**Record set**
☆ ☆ ☆ ☆ ☆ ☆ ☆

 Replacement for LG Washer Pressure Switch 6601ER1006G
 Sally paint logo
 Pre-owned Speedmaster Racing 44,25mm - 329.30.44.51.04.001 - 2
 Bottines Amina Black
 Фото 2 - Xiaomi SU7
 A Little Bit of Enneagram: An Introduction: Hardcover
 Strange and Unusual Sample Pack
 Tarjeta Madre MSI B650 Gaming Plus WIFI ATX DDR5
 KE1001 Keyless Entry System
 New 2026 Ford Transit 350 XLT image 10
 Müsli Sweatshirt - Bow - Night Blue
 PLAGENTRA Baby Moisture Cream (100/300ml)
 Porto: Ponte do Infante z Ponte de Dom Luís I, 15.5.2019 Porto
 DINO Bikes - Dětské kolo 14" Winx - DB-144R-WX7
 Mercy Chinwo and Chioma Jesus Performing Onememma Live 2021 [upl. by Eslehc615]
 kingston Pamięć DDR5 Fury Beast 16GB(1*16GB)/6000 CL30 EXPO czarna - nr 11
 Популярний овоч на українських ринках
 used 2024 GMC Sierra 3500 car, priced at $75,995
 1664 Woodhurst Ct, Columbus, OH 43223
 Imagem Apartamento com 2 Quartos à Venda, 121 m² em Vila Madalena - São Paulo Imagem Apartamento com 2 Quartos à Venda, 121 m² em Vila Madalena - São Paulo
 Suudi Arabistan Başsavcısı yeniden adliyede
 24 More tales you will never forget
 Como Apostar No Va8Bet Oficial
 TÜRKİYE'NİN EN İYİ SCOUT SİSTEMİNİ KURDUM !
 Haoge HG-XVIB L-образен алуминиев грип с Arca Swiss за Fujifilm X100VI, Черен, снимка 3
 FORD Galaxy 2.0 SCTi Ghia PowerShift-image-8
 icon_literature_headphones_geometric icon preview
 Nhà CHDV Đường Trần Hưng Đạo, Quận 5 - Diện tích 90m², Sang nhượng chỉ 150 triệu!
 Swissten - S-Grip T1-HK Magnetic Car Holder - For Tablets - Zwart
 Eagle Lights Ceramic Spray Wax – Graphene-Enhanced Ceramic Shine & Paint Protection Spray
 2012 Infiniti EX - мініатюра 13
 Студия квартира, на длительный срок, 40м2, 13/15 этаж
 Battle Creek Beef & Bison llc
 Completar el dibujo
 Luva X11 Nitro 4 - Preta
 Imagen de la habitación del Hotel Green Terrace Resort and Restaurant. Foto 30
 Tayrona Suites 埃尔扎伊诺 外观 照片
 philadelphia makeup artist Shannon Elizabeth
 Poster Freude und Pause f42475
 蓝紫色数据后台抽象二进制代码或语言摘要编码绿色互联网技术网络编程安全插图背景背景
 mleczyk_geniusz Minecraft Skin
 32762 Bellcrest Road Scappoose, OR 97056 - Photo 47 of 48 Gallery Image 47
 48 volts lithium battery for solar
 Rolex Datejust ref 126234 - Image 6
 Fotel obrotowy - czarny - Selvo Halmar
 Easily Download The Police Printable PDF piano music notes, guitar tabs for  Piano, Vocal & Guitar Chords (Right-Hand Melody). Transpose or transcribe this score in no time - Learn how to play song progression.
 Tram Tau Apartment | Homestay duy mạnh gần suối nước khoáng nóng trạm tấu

☆ ☆ ☆ ☆ ☆ ☆ ☆

Transcribe, exactly and without additions, the lines of the records above, beginning with the line that contains "FORD Galaxy 2.0 SCTi Ghia PowerShift-image-8" and ending with the line that contains "Poster Freude und Pause f42475", both included.

**Solution below**
 FORD Galaxy 2.0 SCTi Ghia PowerShift-image-8
 icon_literature_headphones_geometric icon preview
 Nhà CHDV Đường Trần Hưng Đạo, Quận 5 - Diện tích 90m², Sang nhượng chỉ 150 triệu!
 Swissten - S-Grip T1-HK Magnetic Car Holder - For Tablets - Zwart
 Eagle Lights Ceramic Spray Wax – Graphene-Enhanced Ceramic Shine & Paint Protection Spray
 2012 Infiniti EX - мініатюра 13
 Студия квартира, на длительный срок, 40м2, 13/15 этаж
 Battle Creek Beef & Bison llc
 Completar el dibujo
 Luva X11 Nitro 4 - Preta
 Imagen de la habitación del Hotel Green Terrace Resort and Restaurant. Foto 30
 Tayrona Suites 埃尔扎伊诺 外观 照片
 philadelphia makeup artist Shannon Elizabeth
 Poster Freude und Pause f42475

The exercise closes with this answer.